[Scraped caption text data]
- Opening Delimiter -

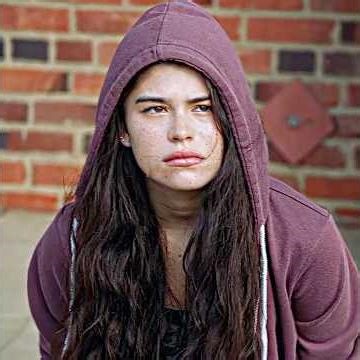 When a homeless girl with nowhere to go meets Lucy.🚘💛#edit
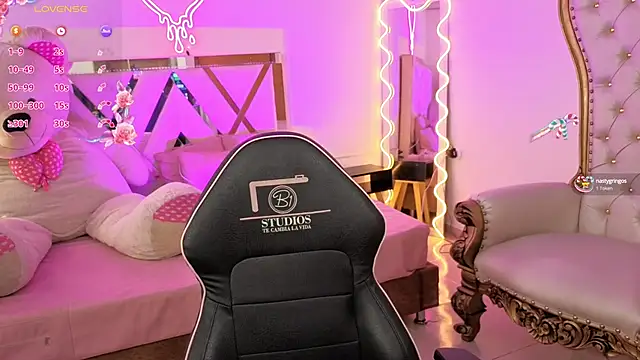 Moonshine tay online show from 09.24.25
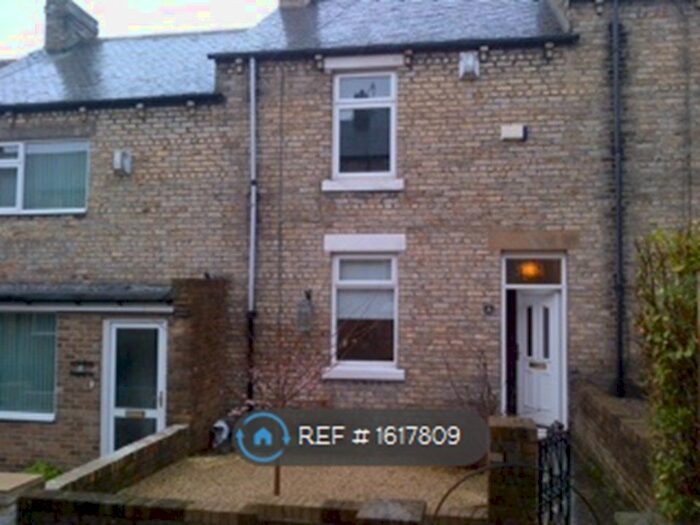 2 Bedroom Terraced House To Rent In Clifford Gardens, Ryton, NE40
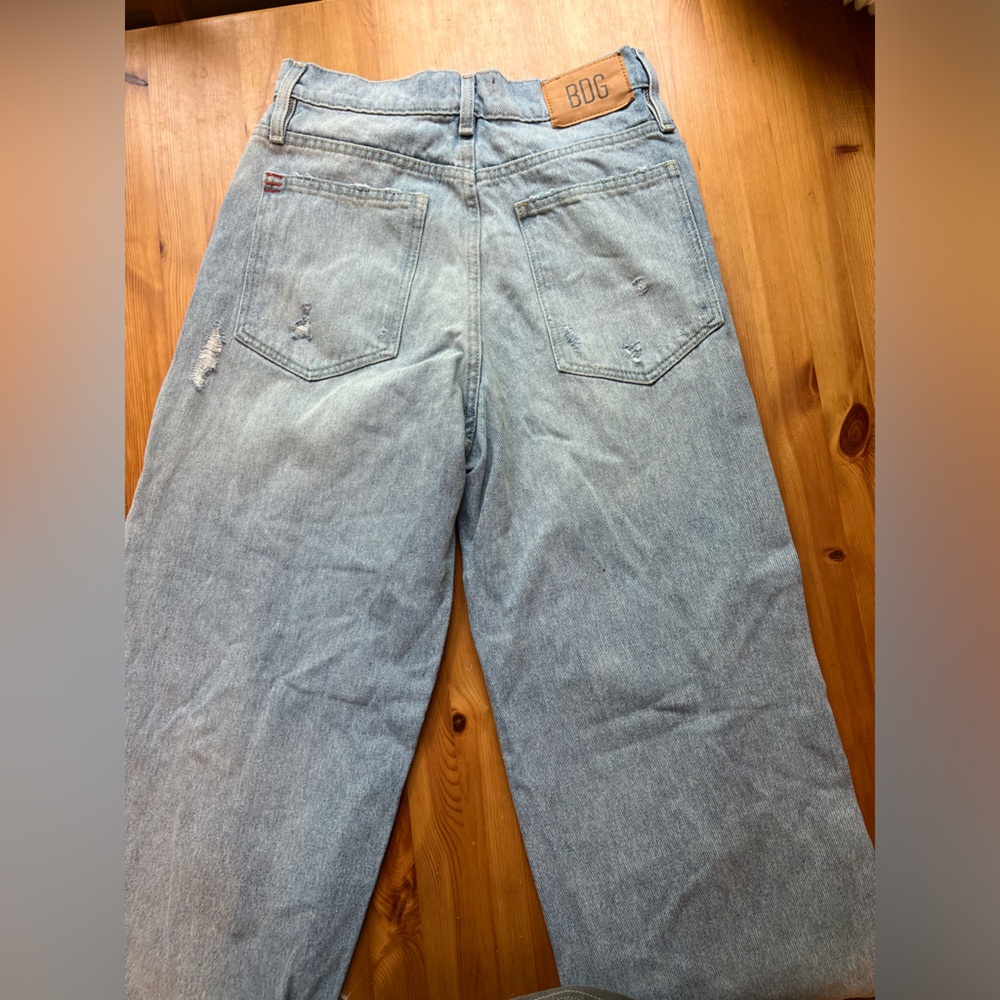 Distressed jeans - Picture 4 of 6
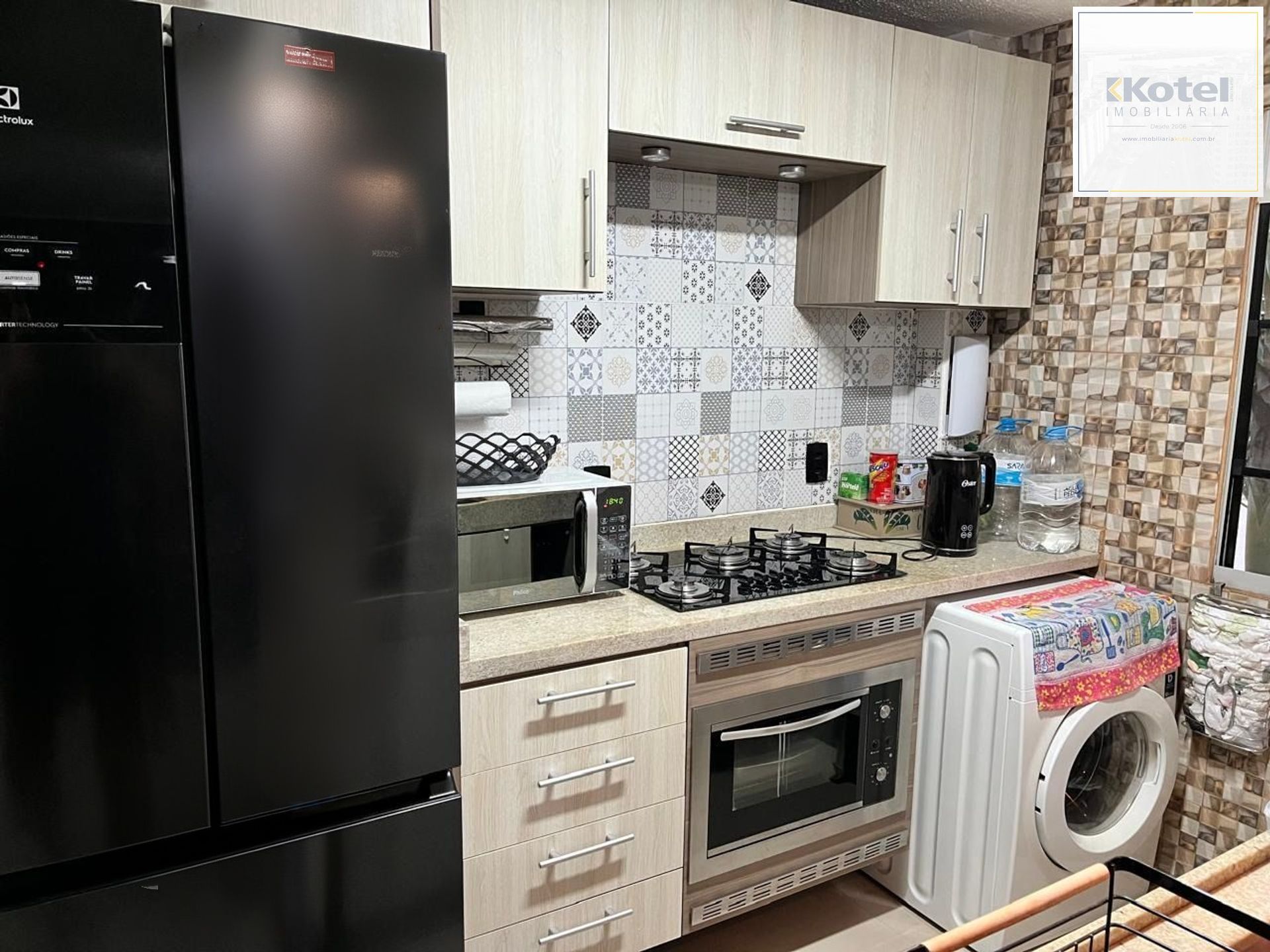 Apartamento de 2 dormitórios e 1 vaga de garagem em Canoas.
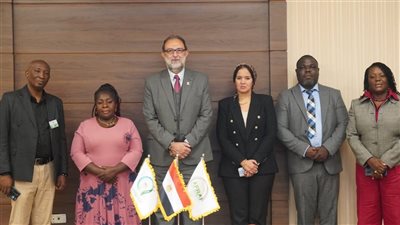 لقاء ثنائي بين رئيس هيئة سلامة الغذاء ونظيرته الليبيرية على هامش منتدى AFRAF بالقاهرة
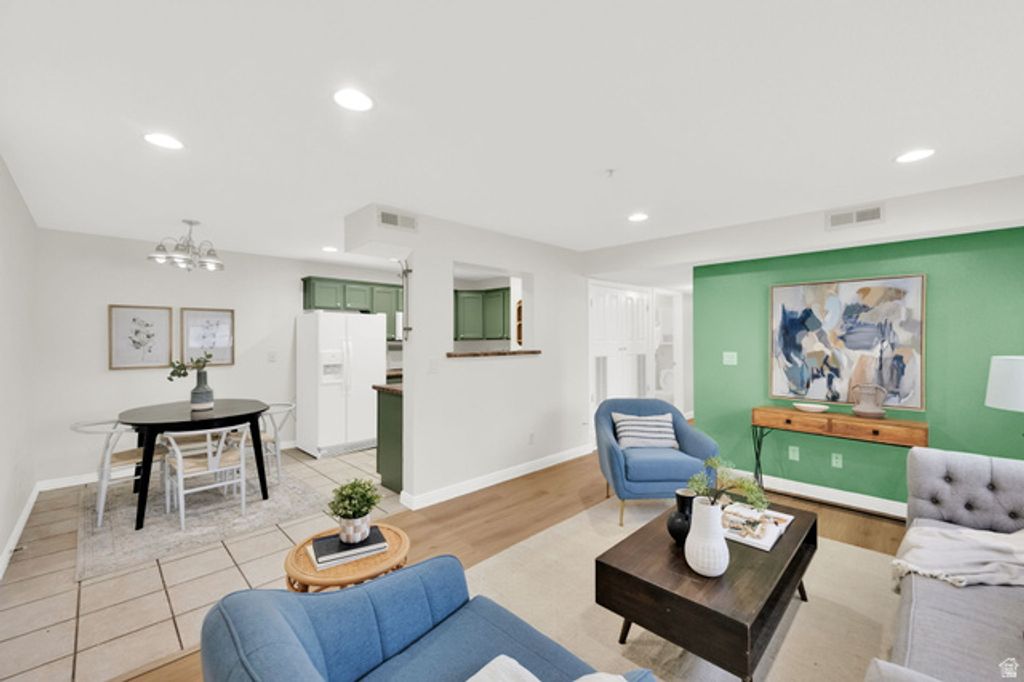 Image 5 of property listing at 315 W 700 N #1, Salt Lake City, UT 84103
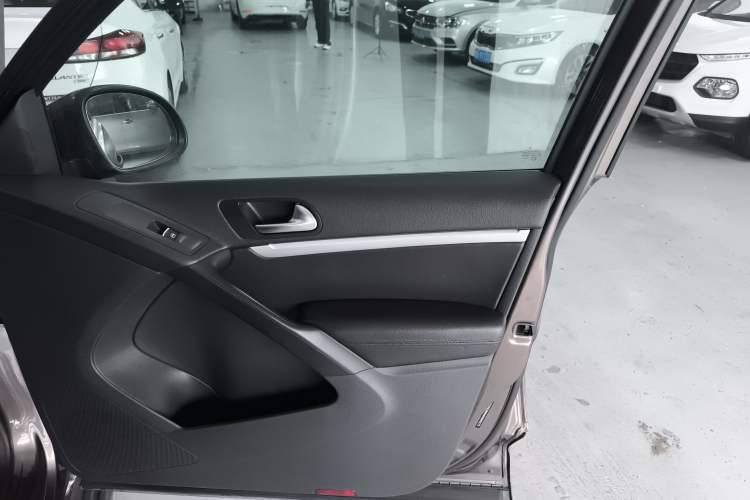 Used Volkswagen Tiguan 2012 2.0 TSI Comfort Edition Right Front Door Interior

- Closing Delimiter -

▶ AIM OF THE TASK
Copy the lines exactly. Start at the line with "لقاء ثنائي بين", end at the last line above, include both, and omit all pictures.

▶ RESULT OF THIS TASK
 لقاء ثنائي بين رئيس هيئة سلامة الغذاء ونظيرته الليبيرية على هامش منتدى AFRAF بالقاهرة
 Image 5 of property listing at 315 W 700 N #1, Salt Lake City, UT 84103
 Used Volkswagen Tiguan 2012 2.0 TSI Comfort Edition Right Front Door Interior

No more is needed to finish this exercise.